**DATASET CONTENT**

------

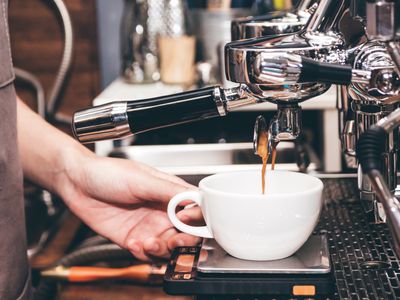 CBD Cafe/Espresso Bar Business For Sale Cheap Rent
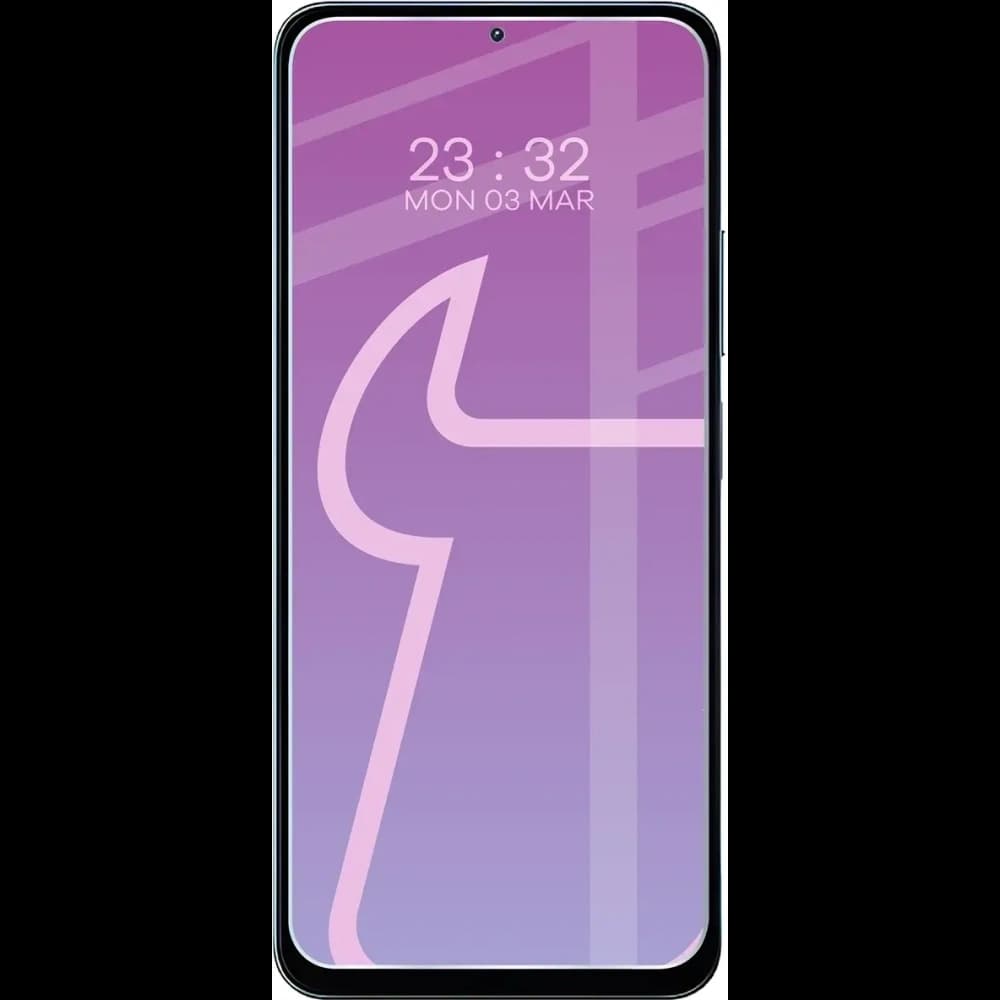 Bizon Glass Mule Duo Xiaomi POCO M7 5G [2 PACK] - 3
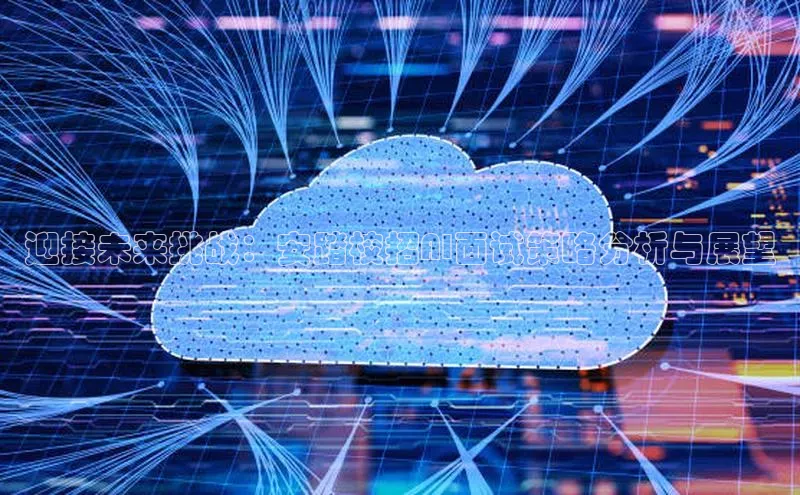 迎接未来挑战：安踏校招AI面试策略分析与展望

------

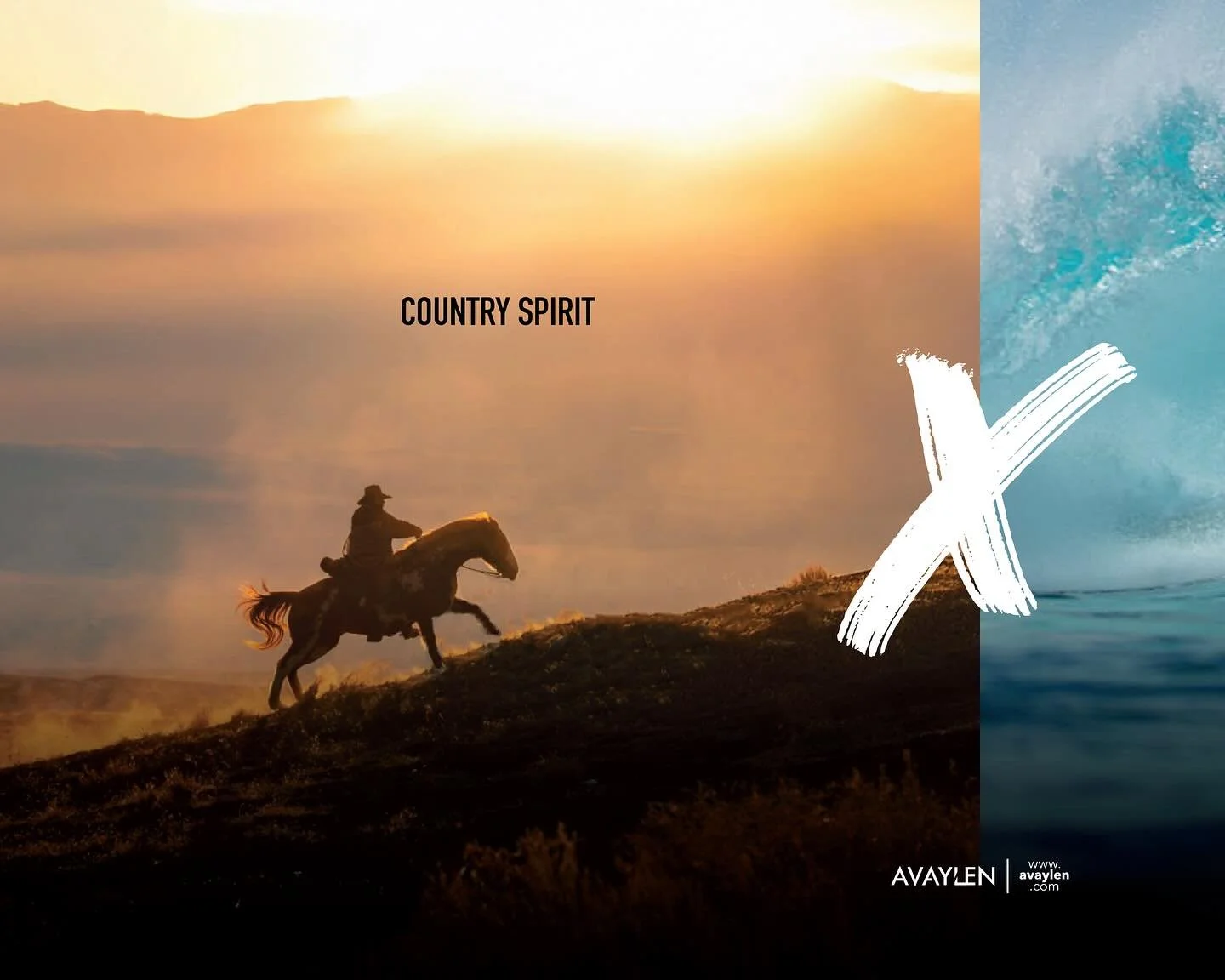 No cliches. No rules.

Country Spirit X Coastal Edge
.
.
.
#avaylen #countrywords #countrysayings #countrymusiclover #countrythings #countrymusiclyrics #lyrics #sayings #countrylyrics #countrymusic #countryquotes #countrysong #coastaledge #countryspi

------

**EXERCISE INSTRUCTIONS**
In the records above, everything from the line with "Bizon Glass Mule" down to the line with "迎接未来挑战：安踏校招AI面试策略分析与展望" must be duplicated exactly, both lines kept. Leave no pictures in.

**EXERCISE ANSWER**
 Bizon Glass Mule Duo Xiaomi POCO M7 5G [2 PACK] - 3
 迎接未来挑战：安踏校招AI面试策略分析与展望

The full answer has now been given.